И вот летом 1942 года поздно ночью, когда жители села в основном уже спали, а парни и девушки водили свои хороводы, нас разбудило громкое и тревожное мычание коровы. В окнах дома отражался отблеск багрового пламени. Мы выскочили во двор и увидели, что горят Хашины. Их дом располагался не так уж далеко от нашего. Пожар начался с сарая со стороны огорода. Сарай был покрыт соломой, и огонь быстро двигался к дому. Ждать скорой противопожарной помощи было неоткуда, а ведрами воды не наносишь. Наш пожарный лабаз остался без лошадей. В нём на дрогах стояло два ручных насоса "Красный факел" и пустая бочка на улице. Создалось безвыходное положение. Тогда молодежь на себе покатила дрожки с бочкой к речке, и вёдрами налили в неё воды и привезли горящему дому. У него уже стоял насос, тоже привезённый молодёжью. Но пламя набрало силу. Чуть позже прискакали пожарники из Коромысловки. Два пожарных насоса работали в полную свою ручную силу, а пламя укрощалось очень медленно. Малышня была не зрительницей несчастья, а тоже помогала взрослым тушить пожар. По их командам и указаниям мы перетаскивали пожарные рукава, передвигали насосы и бочки с водой, помогали переносить в безопасное место домашний скарб погорельцев. Струи воды от насосов вскипали на горящих стенах, отрывали от них и с крыши головешки, разбрасывали пучки горящей соломы, от которых вскоре загорелся сарай соседнего дома. На головешках хашинского огонь сбавлял своё буйство, но разгорался на соседнем. Люди переключились на спасение второго дома. Мой самый старший брат Александр ушёл домой и тоже подстраховывал от искр солому нашего сарая. Затем к нему присоединился и второй брат – Николай. Они стояли на сарае с вёдрами воды и следили за летящими искрами. Свой скот на всякий случай мы выгнали на улицу, но он всё равно жался к воротам двора, как бы рассчитывая на всемогущество своих хозяев, людей. Опасность загорания нашего двора была вполне реальной. Ветер повернул на наше подворье. Дым и искры от пожара проносились над нашим домом.

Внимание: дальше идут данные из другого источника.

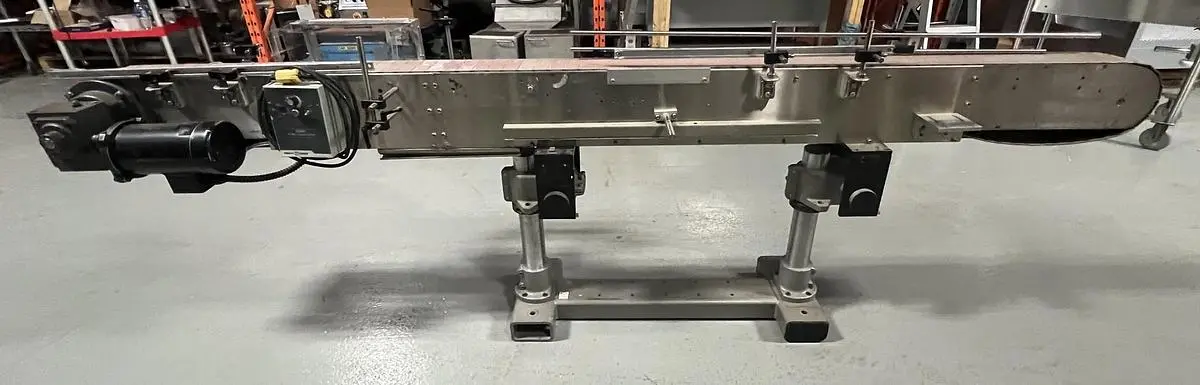 Used 9’ Long Stainless Steel Motorized Conveyor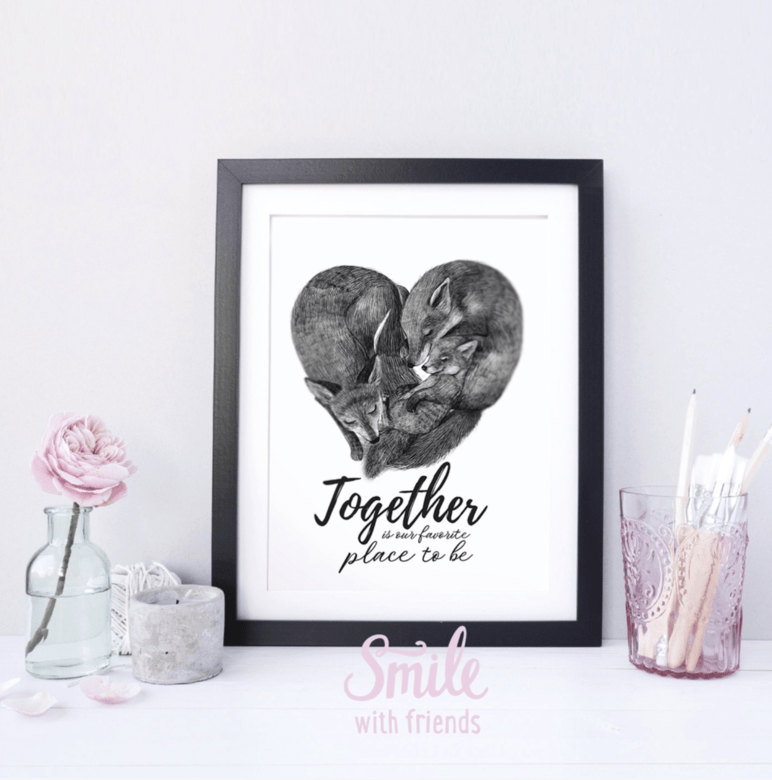 Together - монохром (с одним или двумя лисятами)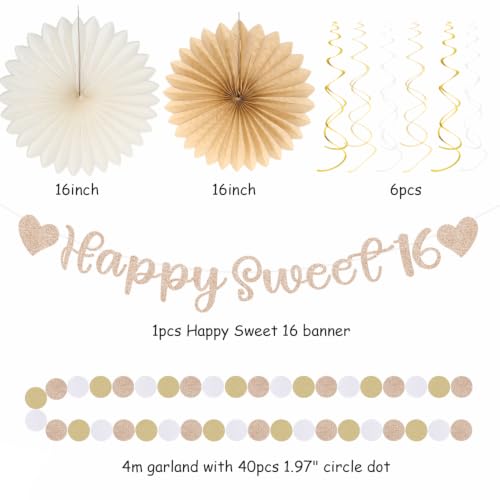 Girls Sweet 16 Birthday Decorations Set Champagne Gold Beige Party Supplies - Huglony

Я тоже помогал погорельцам в переносе их вещей и тушившим пожар.

К утру пожар был потушен, но и от дома Хашиных ничего, кроме головешек, не осталось. Из-под земли обвалившегося потолка ещё долго пробивались струйки дыма от тлевших гнилушек. Постепенно они погасли или были залиты водой.

Осенью 1941 года в Коромысловку и Дворянское прибыло несколько семей, эвакуированных из Москвы, Ленинграда и из Одессы. Среди них были учителя. На работу их устроили в Коромысловскую неполную среднюю школу. Приехавшие учителя были грамотнее и инициативнее наших доморощенных. Под новый 1942 год они организовали очередной концерт самодеятельности учеников и учителей школы. В одной сценке участвовал и я. Наименование пьески не запомнилось, но она была посвящена новогодней ночи в лесу. Ученики разыгрывали разных зверей. Зрителями концерта были ученики и их родители. Меня укутали в белую простынь под зайчика, и я должен был затаиться под ёлочкой. Во время прыжка я задел за что-то и случайно перекувыркнулся. Среди зрителей раздался дружный хохот. За этот концерт мне прилепили кличку "Зайчик". Она перешла со мной и в среднюю Кузоватовской школу, но постепенно забылась.

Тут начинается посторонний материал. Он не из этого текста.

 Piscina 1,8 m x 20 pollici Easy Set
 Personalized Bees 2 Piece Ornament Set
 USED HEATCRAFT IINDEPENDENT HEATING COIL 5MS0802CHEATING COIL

Вот так прошли наши подростковые годы, совпавшие с годами Великой Отечественной войны.

8. Иван Гаврилович уходит на войну


Комаров Иван Гаврилович родился в 1904 году в селе Дворянское Симбирской губернии, ныне Ульяновская область. Его родители были крестьяне. Мать родила его самым последним, а в восемь лет Ваня остался без неё, она умерла. Он успел окончить 2 класса церковно-приходской школы. Помогать отцу в ведении домашнего хозяйства начал тоже с восьми лет, сразу после смерти матери. С этого возраста он за 12 километров на лошадях возил почту.

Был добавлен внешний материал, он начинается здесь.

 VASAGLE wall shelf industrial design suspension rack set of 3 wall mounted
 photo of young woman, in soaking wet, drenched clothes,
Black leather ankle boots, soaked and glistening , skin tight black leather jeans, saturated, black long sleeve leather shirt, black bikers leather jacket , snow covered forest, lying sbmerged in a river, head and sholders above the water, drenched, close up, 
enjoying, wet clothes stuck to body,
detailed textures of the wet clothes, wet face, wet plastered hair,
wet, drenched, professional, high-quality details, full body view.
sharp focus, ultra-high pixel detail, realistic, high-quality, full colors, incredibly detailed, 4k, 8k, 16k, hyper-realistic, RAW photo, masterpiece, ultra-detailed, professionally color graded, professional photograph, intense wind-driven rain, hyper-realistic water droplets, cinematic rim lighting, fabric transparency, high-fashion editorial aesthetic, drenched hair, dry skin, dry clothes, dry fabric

В 1941 году уже имел четверых детей, троих сыновей и одну дочку. Роста он невысокого, с черными слегка кудрявыми волосами и с голубыми глазами. Природа наградила его покладистым характером. Ни в трезвом, ни в пьяном состоянии никогда не развязывал драк. Не бил и никогда не кричал на своих детей. Его походка отличалась плавностью и спокойствием. Словно он плыл по тихой воде, а не шагал по дороге. Многие его знакомые говорили о нём, что его походка выдаёт его характер и невозмутимость.



Рисунок 8. Иван Гаврилович (фото из личного архива).


Иван Гаврилович любил железки и копаться во всех неисправных механизмах. Он одинаково хорошо ремонтировал трактора, швейные машинки, граммофоны и патефоны, лудил и паял самовары, подшивал валенки, перекладывал кирпичные печи, вырезал фигурные рамки под фотографии, доил корову, гнул из жести трубы и изготовлял самогонные аппараты. О таких людях на селе говорят уважительно и коротко:

– У него башка варит и руки золотые!

Действительную службу в армии Комаров И. Г. Не проходил, но его регулярно направляли на сборы в Гороховецкие и Тоцкие военные лагеря, где он постигал военную науку. Мужики, призываемые вместе с ним на эти сборы, удивлялись его меткой стрельбе. Они видели, как Иван Гаврилович зажмуривает глаза при нажатии на спусковой крючок винтовки, однако пули отлично поражали мишень. В его красноармейской книжке (военном билете) против строчки «Военная учетная специальность» стояло ВУС-1, то есть стрелок первого класса. По этой записи он мог быть мобилизован в любое время, что и было сделано с ним в августе 1941 года.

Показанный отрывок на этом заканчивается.